American aerospace engineer (1920–2004)

Robert William Bemer (February 8, 1920 – June 22, 2004) was a computer scientist best known for his work at IBM during the late 1950s and early 1960s.

== Early life and education ==
Born in Sault Ste. Marie, Michigan, Bemer graduated from Cranbrook Kingswood School in 1936 and took a Bachelor of Arts (B.A.) in mathematics at Albion College in 1940. He earned a certificate in aeronautical engineering at Curtiss-Wright Technical Institute in 1941.

== Career ==
Bemer began his career as an aerodynamicist at Douglas Aircraft Company in 1941, then worked for RAND Corporation from 1951, IBM from 1957, UNIVAC – Sperry Rand in 1965, Bull from 1965, General Electric from 1970, and Honeywell from 1974.

He served on the committee which amalgamated the design for his COMTRAN language with Grace Hopper's FLOW-MATIC and thus produced the specifications for COBOL. He also served, with Hugh McGregor Ross and others, on the separate committee which defined the ASCII character codeset in 1960, contributing several characters which were not formerly used by computers including the escape (ESC), backslash (\), and curly brackets ({}). As a result, he is sometimes known as The Father of ASCII. In 2000, Bemer claimed to have proposed the term octet (rather than Werner Buchholz' byte) while heading software development at Cie. Bull, France, between 1965 and 1966. He also proposed the term hextet for 16-bit groups.

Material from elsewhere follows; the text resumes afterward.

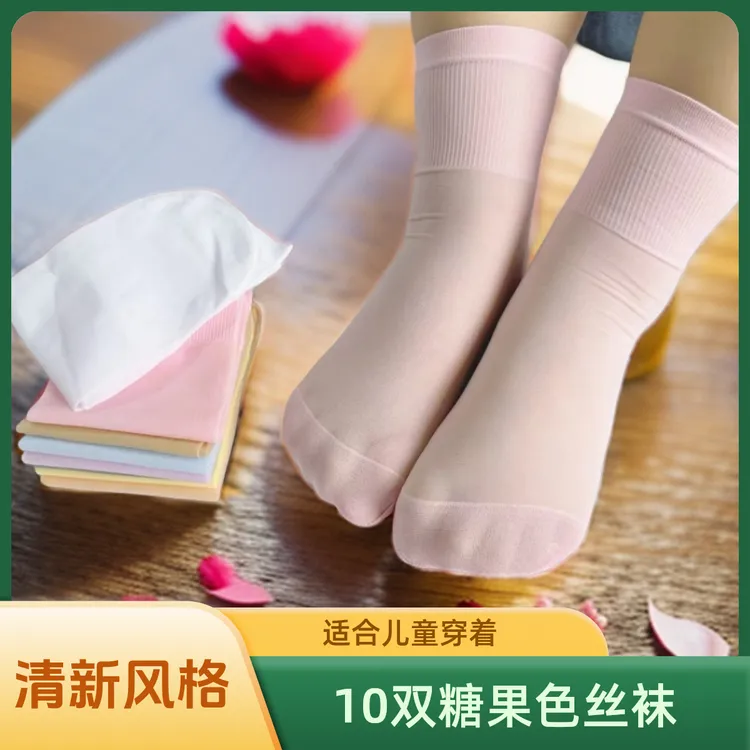 儿童丝袜宝宝男女童防勾丝男孩夏季薄款白色钢丝袜中筒春夏天短袜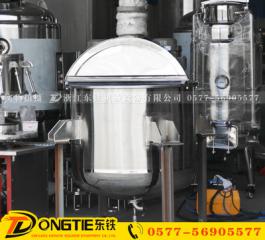 Stainless steel high shear emulsification tank vacuum emulsification tank homoge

Bemer is probably the earliest proponent of the software factory concept. He mentioned it in his 1968 paper "The economics of program production".

Other notable contributions to computing include the first publication of the time-sharing concept in 1957 and the first attempts to prepare for the Year 2000 problem in publications as early as 1971. Acting in an advisory capacity, Bemer and Honeywell employees Eric Clamons and Richard Keys developed the Text Executive Programming Language (TEX).

In the late 1990s, as a retiree, Bemer invented an approach to Year 2000 (Y2K) date conversion, to avoid anticipated problems when dates without centuries were compared in programs for which source code was unavailable. This involved detecting six and eight character operations at runtime and checking their operands, adjusting the comparison so that low years in the new century did not appear to precede the last years of the twentieth century.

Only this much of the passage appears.